Correlations among the factors confirmed that these social skills represent distinct yet interrelated dimensions, collectively forming a unified construct of social skills. Furthermore, the high internal consistency coefficients indicate that the factors consistently reflect the underlying social competence construct. However, reliability values exceeding .90 may not necessarily represent “excellent” internal consistency, as they can suggest item redundancy ( Hamid et al., 2017 ). This raises the possibility that some items within each factor may overlap in content or fail to provide distinct information about the construct being measured. Similarly, the initial HTMT values exceeding the recommended threshold of .90 indicate substantial overlap between Cooperation and Assertion, as well as Cooperation and Self-Control. These findings are consistent with previous results reported by Gresham and Elliott (1990) , as well as with studies conducted across different educational levels, age groups, and informant types (e.g., Jelić, 2015 ; Whiteside et al., 2007 ; Van der Oord et al., 2005 ), which also reported moderate to strong correlations between these factors. This pattern reflects the complex nature of social skills, in which various components are inherently interconnected. Although constructs such as cooperation, assertion, and self-control are theoretically distinct, they are often closely related in practice.

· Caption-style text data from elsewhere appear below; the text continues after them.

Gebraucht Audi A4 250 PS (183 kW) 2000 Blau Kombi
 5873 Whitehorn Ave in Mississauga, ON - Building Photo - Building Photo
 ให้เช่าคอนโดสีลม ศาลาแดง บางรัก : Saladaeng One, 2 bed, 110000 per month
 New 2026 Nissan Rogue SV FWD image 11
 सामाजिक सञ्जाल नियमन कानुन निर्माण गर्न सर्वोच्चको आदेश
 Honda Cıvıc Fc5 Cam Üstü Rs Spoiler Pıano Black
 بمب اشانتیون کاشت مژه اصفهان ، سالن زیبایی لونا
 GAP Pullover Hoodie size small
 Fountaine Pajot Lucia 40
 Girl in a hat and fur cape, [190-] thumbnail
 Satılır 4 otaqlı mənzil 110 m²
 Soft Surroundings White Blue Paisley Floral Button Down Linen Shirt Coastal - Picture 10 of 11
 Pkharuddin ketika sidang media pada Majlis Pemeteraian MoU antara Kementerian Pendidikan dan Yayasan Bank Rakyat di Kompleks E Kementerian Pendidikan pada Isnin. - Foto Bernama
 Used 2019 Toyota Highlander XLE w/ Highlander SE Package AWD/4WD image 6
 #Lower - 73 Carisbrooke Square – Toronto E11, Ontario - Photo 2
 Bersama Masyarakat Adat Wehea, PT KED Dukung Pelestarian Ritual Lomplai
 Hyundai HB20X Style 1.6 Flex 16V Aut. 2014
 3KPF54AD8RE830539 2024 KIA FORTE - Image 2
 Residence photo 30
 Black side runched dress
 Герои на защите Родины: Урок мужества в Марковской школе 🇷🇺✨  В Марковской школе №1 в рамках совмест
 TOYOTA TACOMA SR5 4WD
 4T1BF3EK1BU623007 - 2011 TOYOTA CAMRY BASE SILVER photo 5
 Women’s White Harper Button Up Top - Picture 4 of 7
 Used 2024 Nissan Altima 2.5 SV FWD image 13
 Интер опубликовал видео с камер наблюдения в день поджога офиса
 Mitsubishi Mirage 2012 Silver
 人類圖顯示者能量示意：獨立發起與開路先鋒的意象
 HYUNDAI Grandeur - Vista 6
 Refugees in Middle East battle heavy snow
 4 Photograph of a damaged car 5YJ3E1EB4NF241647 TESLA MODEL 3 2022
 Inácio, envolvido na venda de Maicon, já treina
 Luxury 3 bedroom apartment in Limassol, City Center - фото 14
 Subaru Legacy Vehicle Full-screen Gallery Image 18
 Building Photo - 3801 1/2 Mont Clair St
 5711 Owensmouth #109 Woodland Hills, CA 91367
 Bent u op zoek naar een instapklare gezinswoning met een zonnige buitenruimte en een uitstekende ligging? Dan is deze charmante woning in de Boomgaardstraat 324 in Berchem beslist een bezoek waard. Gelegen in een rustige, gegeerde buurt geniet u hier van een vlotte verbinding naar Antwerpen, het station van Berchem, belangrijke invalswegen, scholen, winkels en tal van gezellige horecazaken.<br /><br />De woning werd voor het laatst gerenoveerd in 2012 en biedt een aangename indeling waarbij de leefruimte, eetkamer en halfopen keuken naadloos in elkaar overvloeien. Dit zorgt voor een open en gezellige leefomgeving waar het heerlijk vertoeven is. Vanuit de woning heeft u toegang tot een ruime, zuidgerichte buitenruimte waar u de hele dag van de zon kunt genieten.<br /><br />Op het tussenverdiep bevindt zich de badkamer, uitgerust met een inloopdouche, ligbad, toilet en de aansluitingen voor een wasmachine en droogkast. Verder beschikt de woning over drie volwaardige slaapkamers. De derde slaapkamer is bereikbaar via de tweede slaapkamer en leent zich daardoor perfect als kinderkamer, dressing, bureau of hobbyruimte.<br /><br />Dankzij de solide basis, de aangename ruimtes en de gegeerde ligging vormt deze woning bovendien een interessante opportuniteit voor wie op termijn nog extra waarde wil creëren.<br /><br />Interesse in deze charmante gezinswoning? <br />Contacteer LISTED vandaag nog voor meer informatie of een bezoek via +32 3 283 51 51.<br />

Our second research question investigated whether the factor structure of the original Problem Behaviors Scale, confirmed in the U.S. sample of teacher, would demonstrate good model fit in a Serbian sample of preschool teachers. The Problem Behaviors Scale includes two subscales: Externalizing Behaviors (6 items) and Internalizing Behaviors (4 items). The two-factor structure replicated well, with very good model fit indices. Reliability analysis, including Cronbach’s Alpha and McDonald’s Omega coefficients, revealed significant values above .80 for both subscales. HTMT correlations and AVE metrics further confirmed the psychometric quality of the Problem Behaviors Scale in the Serbian sample.

Our final research question examined measurement invariance across developmental status and age groups. Multigroup analyses confirmed that both the Social Skills Scale and the Problem Behaviors Scale demonstrate measurement invariance across these groups, indicating that the instrument reliably assesses social competence among Serbian preschool children regardless of developmental differences or age.

Although the original SSRS was designed for children aged 3 to 5 years, our results confirm its applicability and reliability for assessing social skills and problem behaviors in Serbian preschool children aged 3 to 7 years. For the Social Skills Scale, three items were removed, resulting in a revised version of the scale with 27 items, compared to the original 30. The Problem Behaviors Scale was fully replicated as it appeared in the original version. The modified version of the SSRS, reflecting these changes, is provided in the appendix.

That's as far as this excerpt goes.